● Your task: Work through the listing below and give again exactly the lines from the one with "USGS DYFI community-reported" to the one with "Scottish Terrier Checkerboard", both ends included. All other lines and all pictures stay out.
*** Information ***
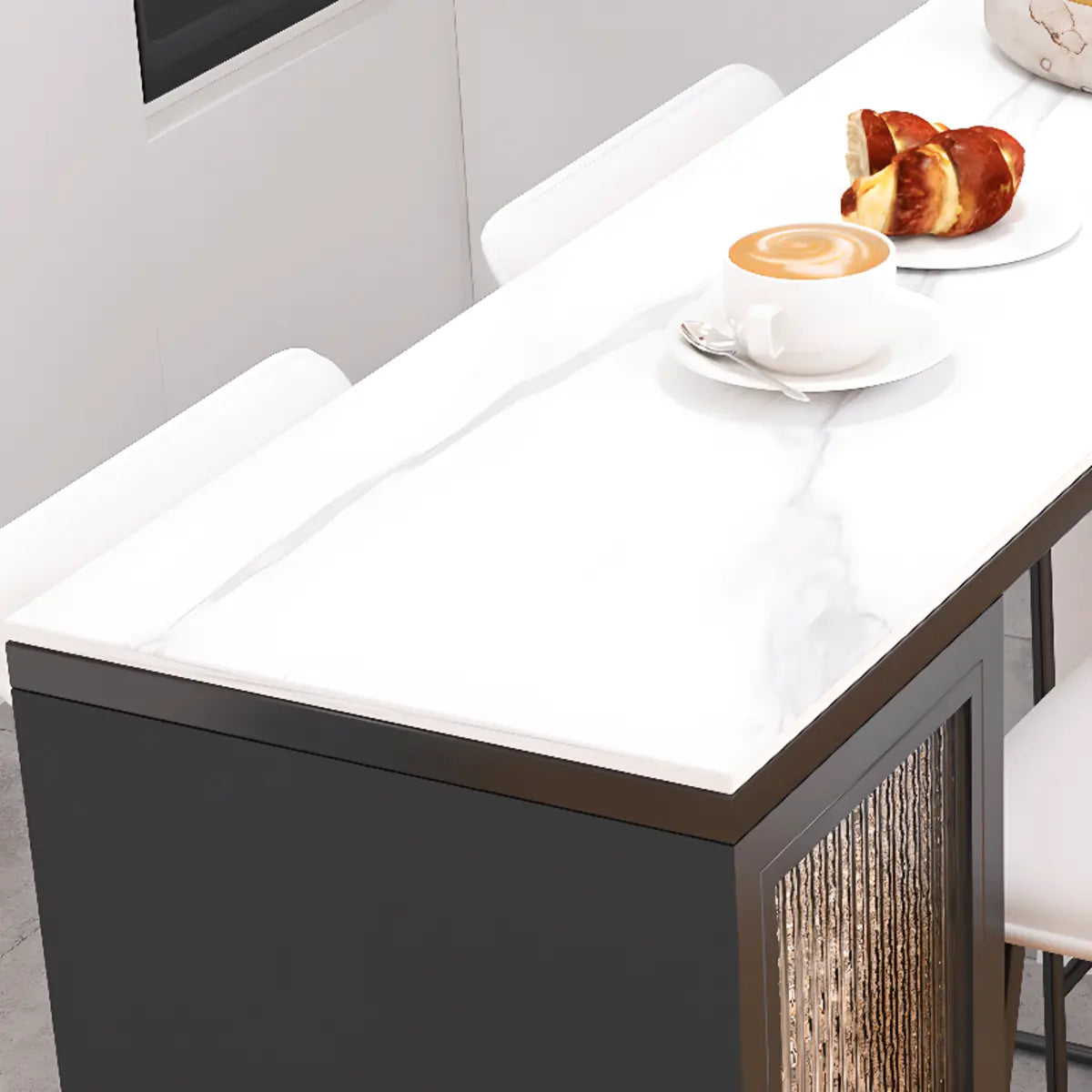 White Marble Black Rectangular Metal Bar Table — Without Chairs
*** End of Information ***
*** Information ***
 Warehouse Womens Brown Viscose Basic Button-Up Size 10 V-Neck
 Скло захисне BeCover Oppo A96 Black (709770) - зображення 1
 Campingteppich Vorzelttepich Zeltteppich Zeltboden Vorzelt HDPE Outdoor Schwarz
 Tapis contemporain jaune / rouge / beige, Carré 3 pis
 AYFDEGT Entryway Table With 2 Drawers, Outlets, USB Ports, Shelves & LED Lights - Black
*** End of Information ***
*** Information ***
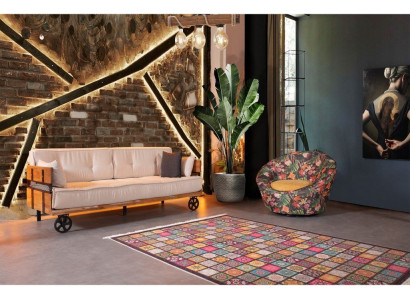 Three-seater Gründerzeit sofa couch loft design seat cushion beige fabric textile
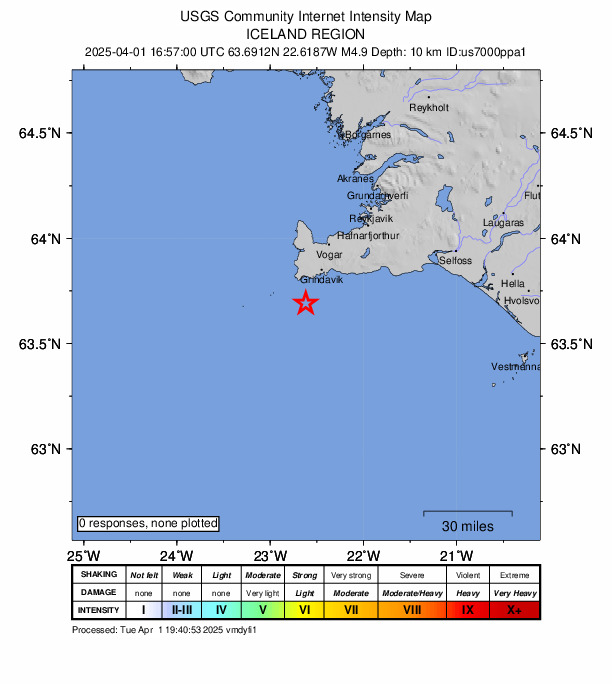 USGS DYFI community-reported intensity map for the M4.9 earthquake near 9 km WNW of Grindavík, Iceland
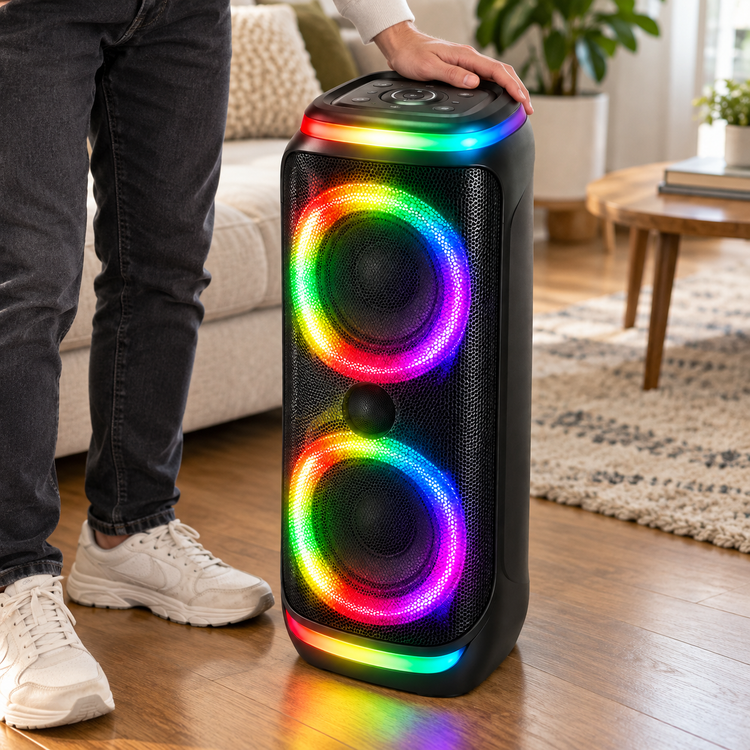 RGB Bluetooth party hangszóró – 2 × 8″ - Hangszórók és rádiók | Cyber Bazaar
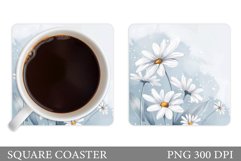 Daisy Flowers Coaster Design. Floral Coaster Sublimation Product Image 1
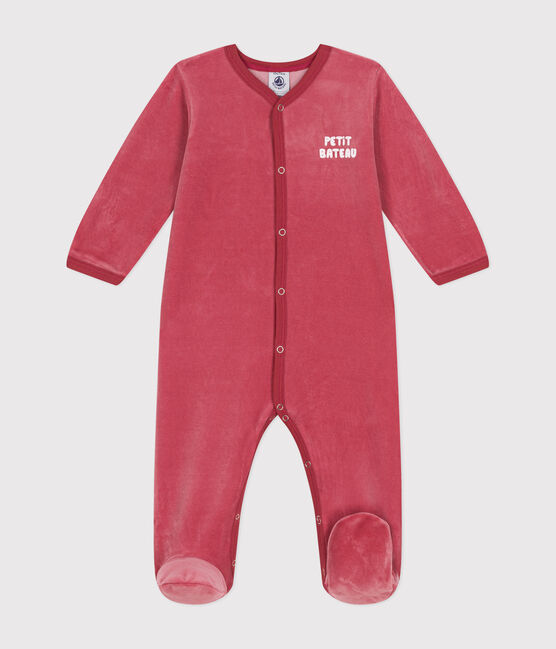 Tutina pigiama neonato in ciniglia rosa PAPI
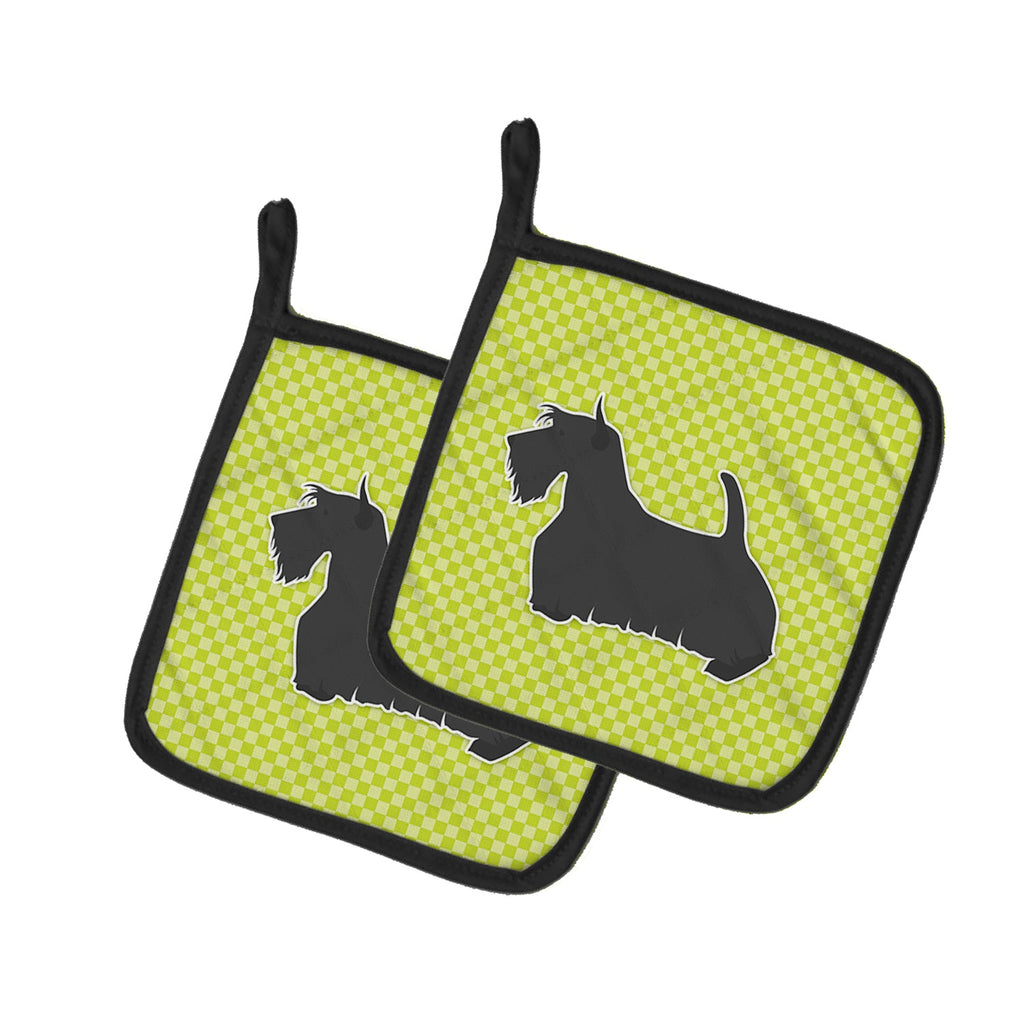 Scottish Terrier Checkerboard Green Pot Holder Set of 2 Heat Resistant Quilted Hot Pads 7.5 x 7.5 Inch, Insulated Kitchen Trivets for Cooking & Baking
*** End of Information ***
● Result:
 USGS DYFI community-reported intensity map for the M4.9 earthquake near 9 km WNW of Grindavík, Iceland
 RGB Bluetooth party hangszóró – 2 × 8″ - Hangszórók és rádiók | Cyber Bazaar
 Daisy Flowers Coaster Design. Floral Coaster Sublimation Product Image 1
 Tutina pigiama neonato in ciniglia rosa PAPI
 Scottish Terrier Checkerboard Green Pot Holder Set of 2 Heat Resistant Quilted Hot Pads 7.5 x 7.5 Inch, Insulated Kitchen Trivets for Cooking & Baking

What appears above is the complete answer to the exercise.